-- Opening Marker --

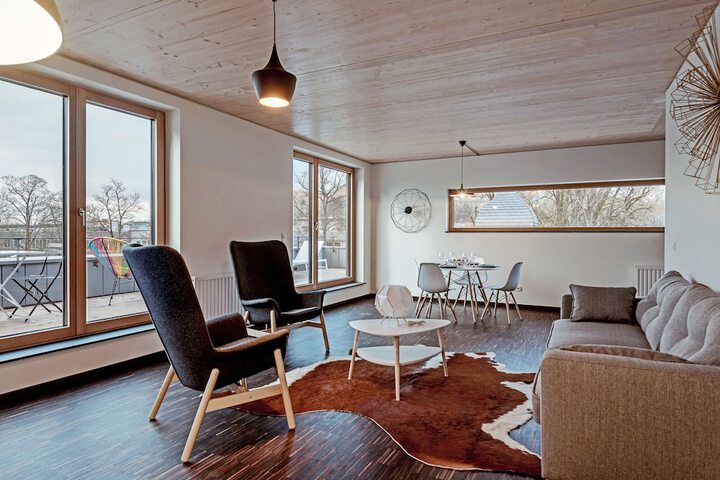 Vistay apartments in Luxembourg City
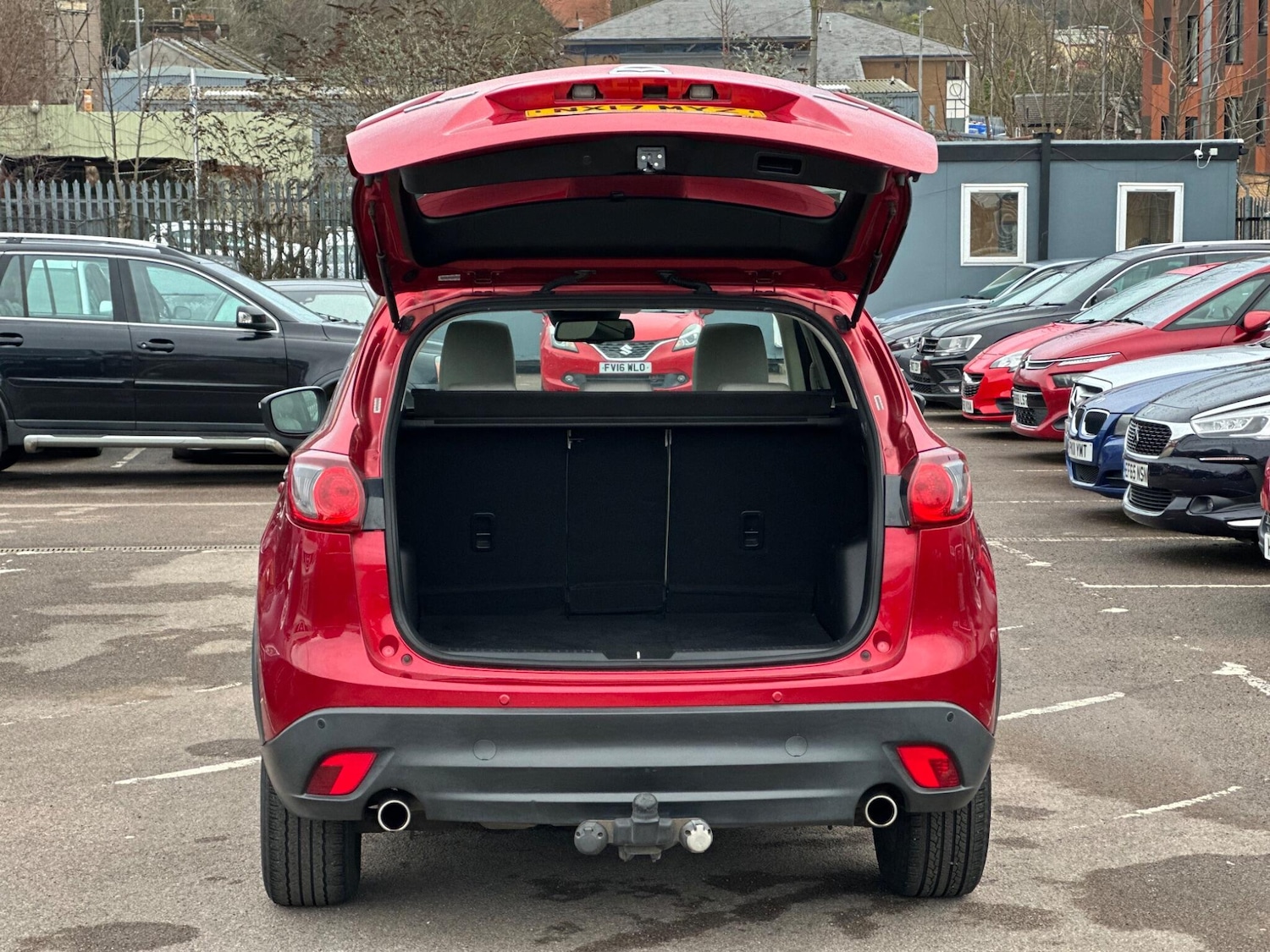 Used Mazda CX-5 2017 for sale - 77396520: Photo 39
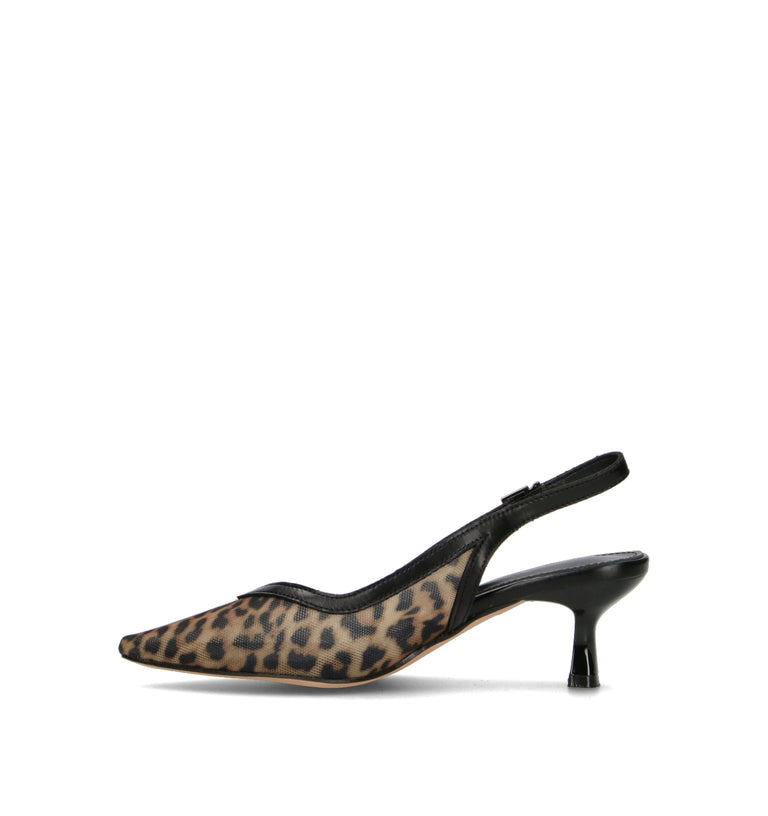 CATCH JUICE Slingback donna maculata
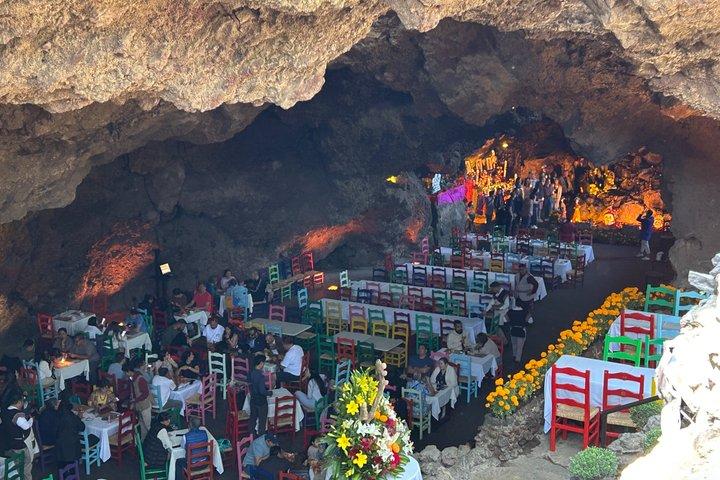 Teotihuacán Tour History and Archaeology and Mexican Food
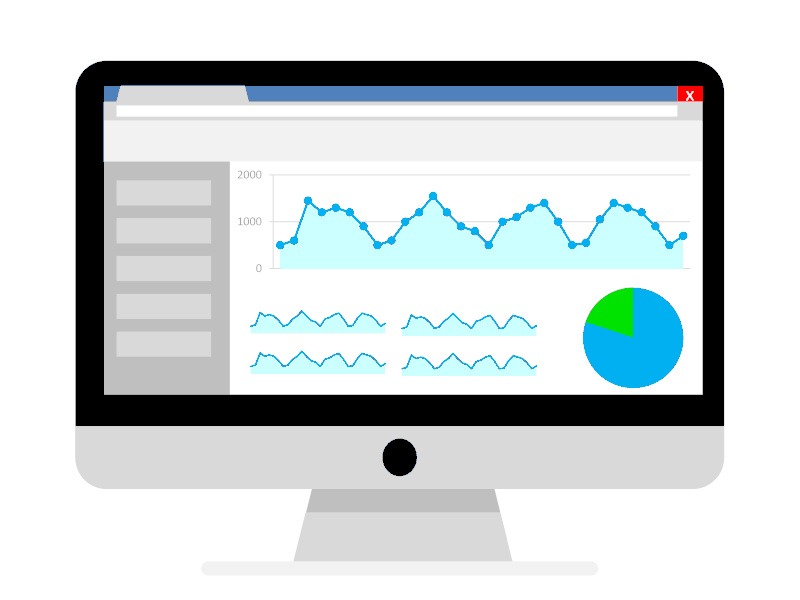 How do people reach my website? Google Analytics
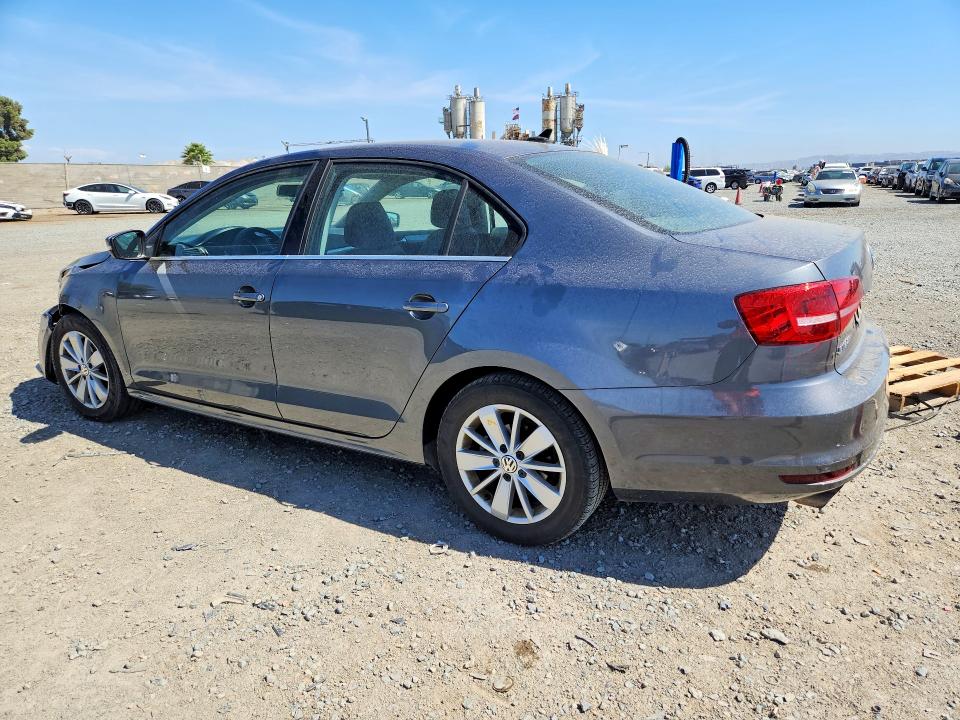 Aukcja sprzedaży 2015 Volkswagen Jetta, vin: 3VWD17AJ1FM239185, numer aukcji: 62486126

-- Closing Marker --

• _YOUR TASK_: Please write out the entire listing above exactly, but leave the pictures out.

• _OUTPUT OF THE EXERCISE_:
 Vistay apartments in Luxembourg City
 Used Mazda CX-5 2017 for sale - 77396520: Photo 39
 CATCH JUICE Slingback donna maculata
 Teotihuacán Tour History and Archaeology and Mexican Food
 How do people reach my website? Google Analytics
 Aukcja sprzedaży 2015 Volkswagen Jetta, vin: 3VWD17AJ1FM239185, numer aukcji: 62486126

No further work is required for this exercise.